Copy each line below word for word and drop every image.

• Provided data:
┌──
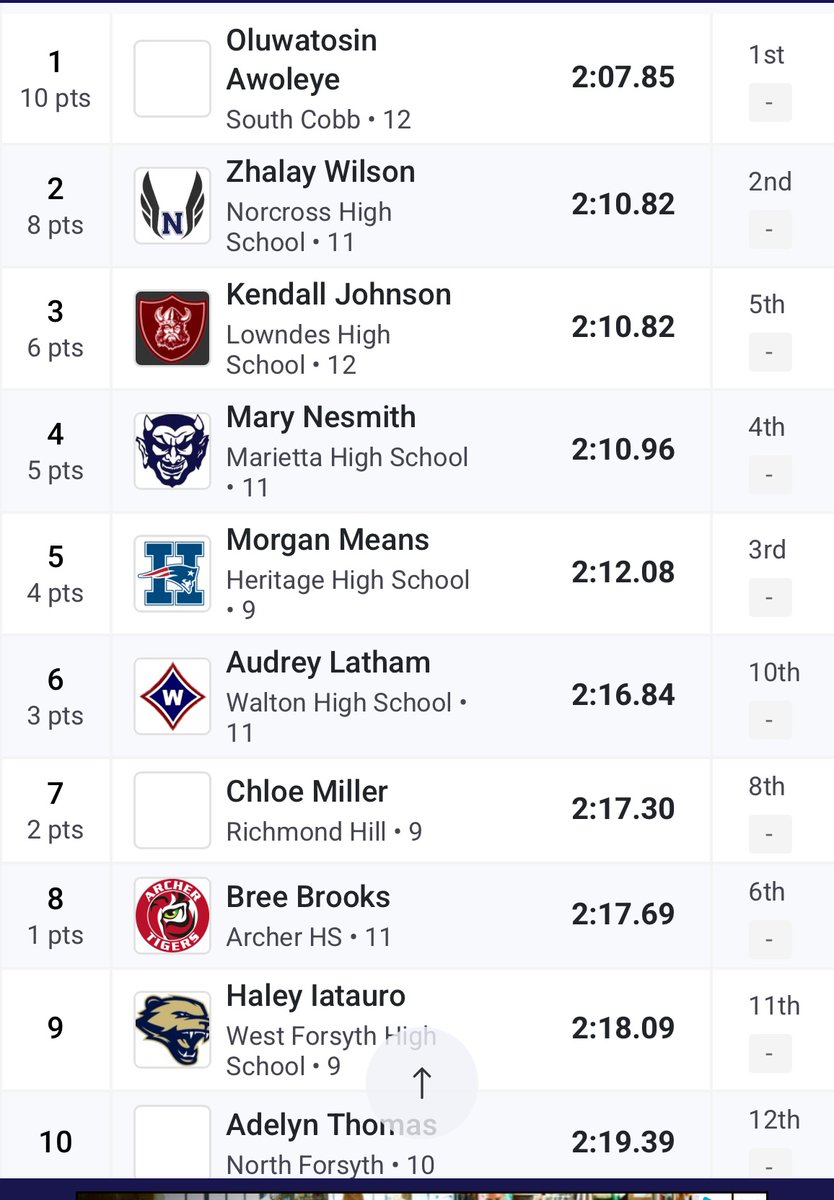 RHHS XC/Track&Field (@rhhsxctf) on Twitter photo Our youngest podium finisher of the day is freshman Chloe Miller. She came away with a 7th place finish in very competative 800m run. Be on the lookout for lots more great stuff from her in the years to come. <a href="/athletics_rhhs/">Richmond Hill Wildcats Athletics</a> #BTH #runningwildcats Our youngest podium finisher of the day is freshman Chloe Miller. She came away with a 7th place finish in very competative 800m run. Be on the lookout for lots more great stuff from her in the years to come. <a href="/athletics_rhhs/">Richmond Hill Wildcats Athletics</a> #BTH #runningwildcats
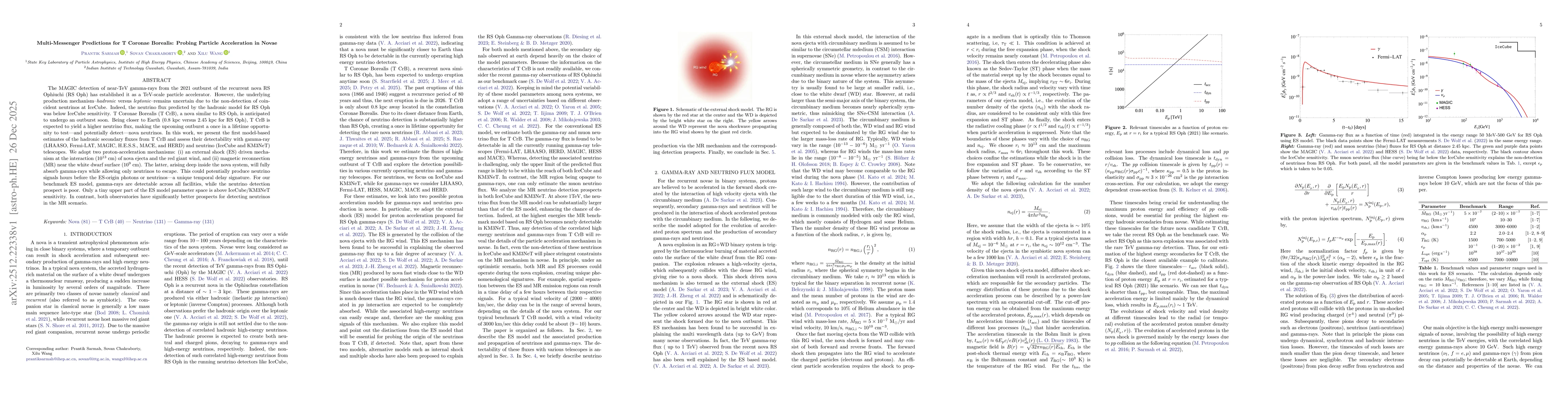 Thumbnail for Multi-Messenger Predictions for T Coronae Borealis: Probing Particle Acceleration in Novae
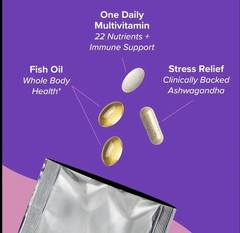 GNC Women’s Wellness Stress Relief Vitapak Program 30 Day Exp: 07/27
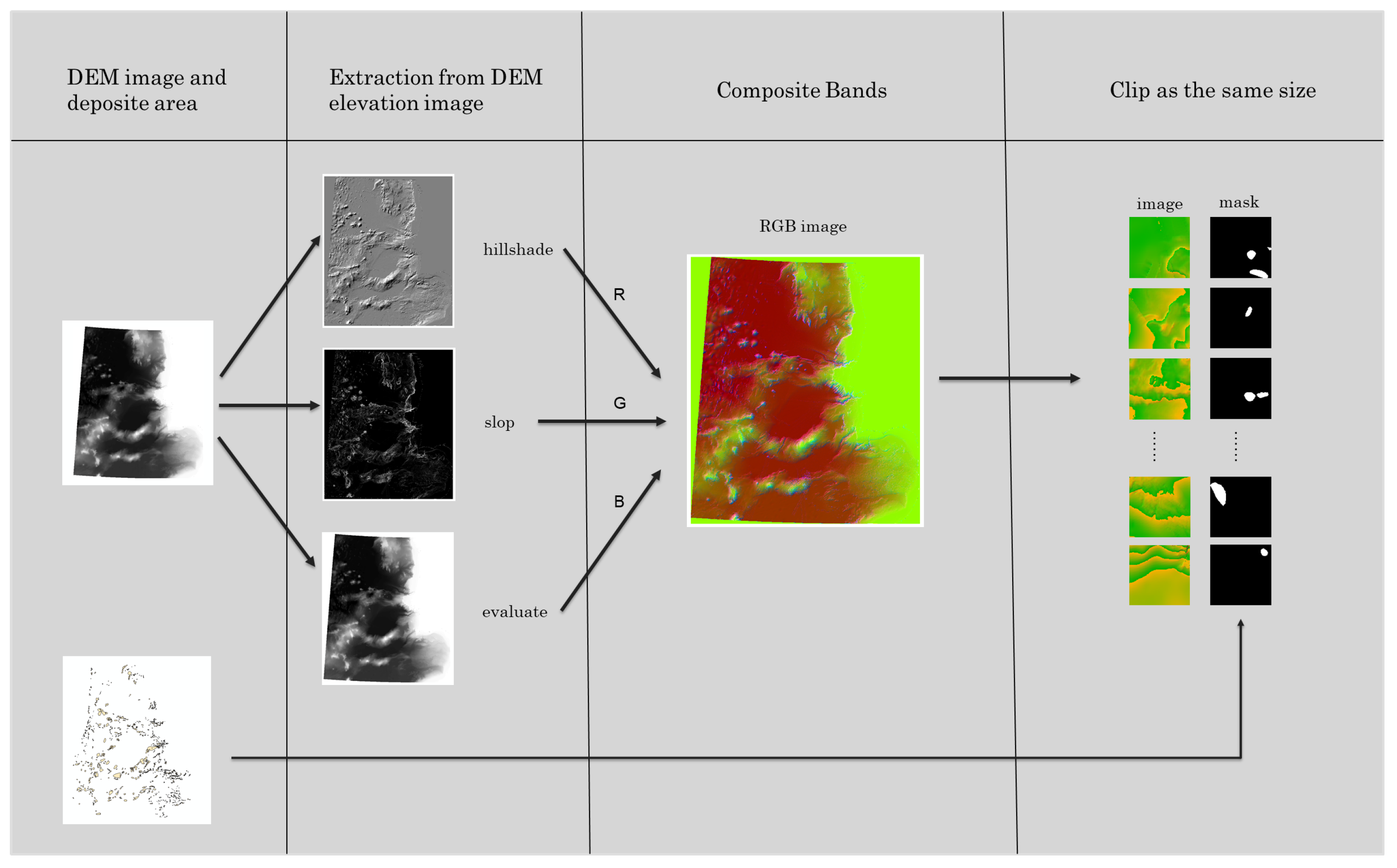 Remotesensing 16 04205 g005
└──
• Result of the exercise:
 RHHS XC/Track&Field (@rhhsxctf) on Twitter photo Our youngest podium finisher of the day is freshman Chloe Miller. She came away with a 7th place finish in very competative 800m run. Be on the lookout for lots more great stuff from her in the years to come. <a href="/athletics_rhhs/">Richmond Hill Wildcats Athletics</a> #BTH #runningwildcats Our youngest podium finisher of the day is freshman Chloe Miller. She came away with a 7th place finish in very competative 800m run. Be on the lookout for lots more great stuff from her in the years to come. <a href="/athletics_rhhs/">Richmond Hill Wildcats Athletics</a> #BTH #runningwildcats
 Thumbnail for Multi-Messenger Predictions for T Coronae Borealis: Probing Particle Acceleration in Novae
 GNC Women’s Wellness Stress Relief Vitapak Program 30 Day Exp: 07/27
 Remotesensing 16 04205 g005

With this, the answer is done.